* Records for this exercise *
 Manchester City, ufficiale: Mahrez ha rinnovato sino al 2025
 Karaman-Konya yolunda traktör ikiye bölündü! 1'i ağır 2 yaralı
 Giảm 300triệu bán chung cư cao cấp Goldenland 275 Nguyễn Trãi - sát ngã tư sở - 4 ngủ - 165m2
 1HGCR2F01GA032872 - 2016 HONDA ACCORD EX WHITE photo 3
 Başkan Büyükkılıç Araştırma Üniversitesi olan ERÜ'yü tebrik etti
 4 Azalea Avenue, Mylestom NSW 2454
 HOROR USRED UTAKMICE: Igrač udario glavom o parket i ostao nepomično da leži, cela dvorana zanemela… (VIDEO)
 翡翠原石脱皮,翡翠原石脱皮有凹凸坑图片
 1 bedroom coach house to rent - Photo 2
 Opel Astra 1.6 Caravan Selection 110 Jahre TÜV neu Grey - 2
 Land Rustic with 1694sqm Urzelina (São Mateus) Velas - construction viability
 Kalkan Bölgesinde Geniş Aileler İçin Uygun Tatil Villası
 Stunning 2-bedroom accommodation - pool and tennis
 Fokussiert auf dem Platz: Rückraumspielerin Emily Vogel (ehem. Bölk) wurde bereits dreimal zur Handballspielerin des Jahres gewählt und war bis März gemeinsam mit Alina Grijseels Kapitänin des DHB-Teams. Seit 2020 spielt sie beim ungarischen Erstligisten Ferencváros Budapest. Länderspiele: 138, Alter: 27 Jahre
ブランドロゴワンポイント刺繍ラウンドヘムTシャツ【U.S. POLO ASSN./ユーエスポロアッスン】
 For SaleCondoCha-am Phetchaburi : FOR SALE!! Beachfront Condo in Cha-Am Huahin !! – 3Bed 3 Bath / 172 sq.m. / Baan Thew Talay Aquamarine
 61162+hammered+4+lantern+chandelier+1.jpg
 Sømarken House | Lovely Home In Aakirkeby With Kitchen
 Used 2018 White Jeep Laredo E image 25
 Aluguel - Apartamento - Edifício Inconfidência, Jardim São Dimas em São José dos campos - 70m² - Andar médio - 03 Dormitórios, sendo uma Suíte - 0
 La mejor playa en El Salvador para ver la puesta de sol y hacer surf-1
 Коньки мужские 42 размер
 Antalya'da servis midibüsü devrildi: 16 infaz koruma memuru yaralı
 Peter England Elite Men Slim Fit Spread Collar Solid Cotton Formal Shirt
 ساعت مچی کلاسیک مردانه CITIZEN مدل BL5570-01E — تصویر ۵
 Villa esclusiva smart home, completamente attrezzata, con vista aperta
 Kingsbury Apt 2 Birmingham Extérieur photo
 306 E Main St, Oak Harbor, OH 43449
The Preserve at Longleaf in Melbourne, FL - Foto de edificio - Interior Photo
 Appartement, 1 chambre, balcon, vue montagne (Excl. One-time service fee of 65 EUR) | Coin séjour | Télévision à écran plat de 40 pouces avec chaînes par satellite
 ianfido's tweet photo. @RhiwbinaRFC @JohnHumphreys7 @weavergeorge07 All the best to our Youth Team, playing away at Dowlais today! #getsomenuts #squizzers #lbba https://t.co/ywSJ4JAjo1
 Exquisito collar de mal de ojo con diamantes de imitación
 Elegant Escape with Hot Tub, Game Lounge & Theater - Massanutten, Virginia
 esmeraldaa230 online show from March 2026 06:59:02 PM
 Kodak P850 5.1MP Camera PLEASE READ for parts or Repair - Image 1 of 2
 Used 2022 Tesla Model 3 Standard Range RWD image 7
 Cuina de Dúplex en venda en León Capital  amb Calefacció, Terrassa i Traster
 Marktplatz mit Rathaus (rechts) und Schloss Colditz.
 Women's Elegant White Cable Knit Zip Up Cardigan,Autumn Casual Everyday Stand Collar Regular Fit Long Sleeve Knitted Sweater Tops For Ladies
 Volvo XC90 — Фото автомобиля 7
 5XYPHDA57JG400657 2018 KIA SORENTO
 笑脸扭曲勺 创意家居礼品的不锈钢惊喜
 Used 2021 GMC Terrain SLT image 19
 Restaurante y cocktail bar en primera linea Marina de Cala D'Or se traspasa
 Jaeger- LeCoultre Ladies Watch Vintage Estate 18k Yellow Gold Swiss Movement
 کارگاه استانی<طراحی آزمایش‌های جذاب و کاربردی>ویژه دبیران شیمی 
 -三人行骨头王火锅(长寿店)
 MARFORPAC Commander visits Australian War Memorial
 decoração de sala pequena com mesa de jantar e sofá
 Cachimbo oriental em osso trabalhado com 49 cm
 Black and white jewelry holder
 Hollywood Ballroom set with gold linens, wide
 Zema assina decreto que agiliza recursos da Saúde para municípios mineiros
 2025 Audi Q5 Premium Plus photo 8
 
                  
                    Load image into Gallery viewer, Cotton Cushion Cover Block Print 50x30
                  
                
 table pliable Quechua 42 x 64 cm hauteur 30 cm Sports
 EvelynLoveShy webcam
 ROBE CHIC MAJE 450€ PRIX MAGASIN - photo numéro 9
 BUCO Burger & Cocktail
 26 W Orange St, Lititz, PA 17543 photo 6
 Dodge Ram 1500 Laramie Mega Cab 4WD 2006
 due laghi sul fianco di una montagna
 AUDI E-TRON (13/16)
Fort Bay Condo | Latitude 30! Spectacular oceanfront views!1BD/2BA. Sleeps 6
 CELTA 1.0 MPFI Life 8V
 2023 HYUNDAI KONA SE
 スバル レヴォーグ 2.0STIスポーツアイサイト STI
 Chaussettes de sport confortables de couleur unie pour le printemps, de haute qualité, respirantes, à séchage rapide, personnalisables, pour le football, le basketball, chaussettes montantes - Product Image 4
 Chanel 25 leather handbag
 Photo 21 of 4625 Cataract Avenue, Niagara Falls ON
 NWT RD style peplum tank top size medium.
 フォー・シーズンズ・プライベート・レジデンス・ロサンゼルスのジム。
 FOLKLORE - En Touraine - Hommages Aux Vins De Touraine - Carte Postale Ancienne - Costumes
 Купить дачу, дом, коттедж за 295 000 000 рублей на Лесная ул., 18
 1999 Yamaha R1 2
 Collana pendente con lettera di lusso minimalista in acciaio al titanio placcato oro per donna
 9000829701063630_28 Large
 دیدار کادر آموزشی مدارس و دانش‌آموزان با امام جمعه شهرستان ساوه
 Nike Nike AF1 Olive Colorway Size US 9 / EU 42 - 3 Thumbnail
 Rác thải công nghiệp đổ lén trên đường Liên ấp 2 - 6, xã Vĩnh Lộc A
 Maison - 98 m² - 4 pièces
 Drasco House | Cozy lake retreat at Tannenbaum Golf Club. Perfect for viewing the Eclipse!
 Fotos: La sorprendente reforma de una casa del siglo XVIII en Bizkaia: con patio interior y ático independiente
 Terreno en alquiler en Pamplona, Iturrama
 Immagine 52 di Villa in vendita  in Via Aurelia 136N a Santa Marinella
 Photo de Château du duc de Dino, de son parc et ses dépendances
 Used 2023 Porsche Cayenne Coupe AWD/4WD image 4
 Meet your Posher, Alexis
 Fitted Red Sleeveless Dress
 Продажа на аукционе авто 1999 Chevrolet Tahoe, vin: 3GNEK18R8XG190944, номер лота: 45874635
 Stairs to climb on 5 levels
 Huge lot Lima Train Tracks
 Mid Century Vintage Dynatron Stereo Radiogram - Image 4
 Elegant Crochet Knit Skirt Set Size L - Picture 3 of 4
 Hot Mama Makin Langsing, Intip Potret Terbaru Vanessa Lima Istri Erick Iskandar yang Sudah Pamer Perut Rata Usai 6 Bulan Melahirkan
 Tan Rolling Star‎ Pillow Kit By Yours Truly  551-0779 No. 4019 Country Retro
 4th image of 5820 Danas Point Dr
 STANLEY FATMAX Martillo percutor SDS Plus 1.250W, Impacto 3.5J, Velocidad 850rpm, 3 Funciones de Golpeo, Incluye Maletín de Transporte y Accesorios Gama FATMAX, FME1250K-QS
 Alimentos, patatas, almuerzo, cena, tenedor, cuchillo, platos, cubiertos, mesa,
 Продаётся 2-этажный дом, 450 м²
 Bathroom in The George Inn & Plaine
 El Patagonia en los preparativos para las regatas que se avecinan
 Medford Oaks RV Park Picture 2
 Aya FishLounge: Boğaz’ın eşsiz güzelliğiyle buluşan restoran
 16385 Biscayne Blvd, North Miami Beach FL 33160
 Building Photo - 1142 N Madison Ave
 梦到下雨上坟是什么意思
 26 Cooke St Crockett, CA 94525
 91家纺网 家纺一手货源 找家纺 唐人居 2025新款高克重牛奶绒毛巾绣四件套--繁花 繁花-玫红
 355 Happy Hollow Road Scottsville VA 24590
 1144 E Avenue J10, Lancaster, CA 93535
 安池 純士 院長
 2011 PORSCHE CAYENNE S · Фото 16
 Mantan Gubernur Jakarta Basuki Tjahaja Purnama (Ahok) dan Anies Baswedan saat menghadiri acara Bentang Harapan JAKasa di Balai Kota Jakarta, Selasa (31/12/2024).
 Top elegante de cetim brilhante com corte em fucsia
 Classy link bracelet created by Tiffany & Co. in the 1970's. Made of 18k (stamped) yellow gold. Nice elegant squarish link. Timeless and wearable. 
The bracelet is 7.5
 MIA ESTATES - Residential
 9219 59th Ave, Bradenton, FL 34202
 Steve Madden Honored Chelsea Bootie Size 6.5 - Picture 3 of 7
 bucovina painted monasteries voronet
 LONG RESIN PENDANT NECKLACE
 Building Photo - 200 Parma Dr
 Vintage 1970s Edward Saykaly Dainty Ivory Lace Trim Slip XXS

* Exercise goal *
From the entries above, extract only the lines running from the one containing "翡翠原石脱皮,翡翠原石脱皮有凹凸坑图片" through the one containing "Aluguel - Apartamento", inclusive.

* Task output *
 翡翠原石脱皮,翡翠原石脱皮有凹凸坑图片
 1 bedroom coach house to rent - Photo 2
 Opel Astra 1.6 Caravan Selection 110 Jahre TÜV neu Grey - 2
 Land Rustic with 1694sqm Urzelina (São Mateus) Velas - construction viability
 Kalkan Bölgesinde Geniş Aileler İçin Uygun Tatil Villası
 Stunning 2-bedroom accommodation - pool and tennis
 Fokussiert auf dem Platz: Rückraumspielerin Emily Vogel (ehem. Bölk) wurde bereits dreimal zur Handballspielerin des Jahres gewählt und war bis März gemeinsam mit Alina Grijseels Kapitänin des DHB-Teams. Seit 2020 spielt sie beim ungarischen Erstligisten Ferencváros Budapest. Länderspiele: 138, Alter: 27 Jahre
ブランドロゴワンポイント刺繍ラウンドヘムTシャツ【U.S. POLO ASSN./ユーエスポロアッスン】
 For SaleCondoCha-am Phetchaburi : FOR SALE!! Beachfront Condo in Cha-Am Huahin !! – 3Bed 3 Bath / 172 sq.m. / Baan Thew Talay Aquamarine
 61162+hammered+4+lantern+chandelier+1.jpg
 Sømarken House | Lovely Home In Aakirkeby With Kitchen
 Used 2018 White Jeep Laredo E image 25
 Aluguel - Apartamento - Edifício Inconfidência, Jardim São Dimas em São José dos campos - 70m² - Andar médio - 03 Dormitórios, sendo uma Suíte - 0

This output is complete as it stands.